TypeScript check for empty string

You can use this trick in your specific case:

function fn<T extends string>(a: T extends '' ? never : T) {
  // But TypeScript won't know here that !!a === true
}

fn(''); // Error
fn('foo'); // No error

I believe this is as close as you're going to get only using the typing system (rather than having a 'nonEmptyString' class)

type nonEmptyString = never; // Cannot be implicitly cast to
function isNonEmptyString(str: string): str is nonEmptyString {
    return str && str.length > 0; // Or any other logic, removing whitespace, etc.
}

Testing it:

let fn = function(a: nonEmptyString) {

}

let someStr = '';
if (isNonEmptyString(someStr)) {
    fn(someStr); // Valid
} else {
    fn(someStr); // Compile error
}

Unfortunately, you end up with warts since nonEmptyString is never.

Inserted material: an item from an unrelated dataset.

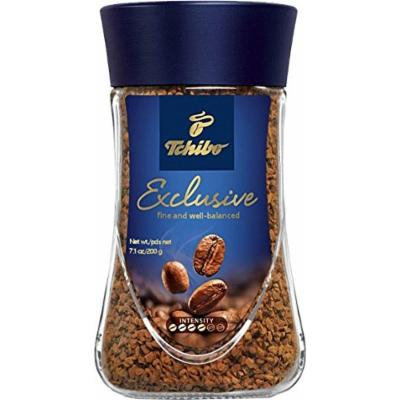 2 Jars of Tchibo Exclusive Instant Coffee (2 x 7oz/200g)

Which means you need to explicitly cast nonEmptyString back to string.

let fn = function(a: nonEmptyString) {
    let len = a.length; // Invalid
    let len2 = (<string>a).length; // Valid
    let str = a + 'something else'; // Valid (str is now typed as string)
}

One possible resolution is:

type nonEmptyString = string & { __nonEmptyStr: never };

Which alleviates the problem of having to explicitly cast back to a string (all three tests above are valid), but does pollute the type with __nonEmptyStr (which will be undefined if referenced).

You could maybe type it with overloads such as to give a bad return type on "" that will make things error as soon as you use it elsewhere:

type MyFnType = {
  (a: "") => never;
  (a: string) => whatever;
}

function fn: MyFnType = ...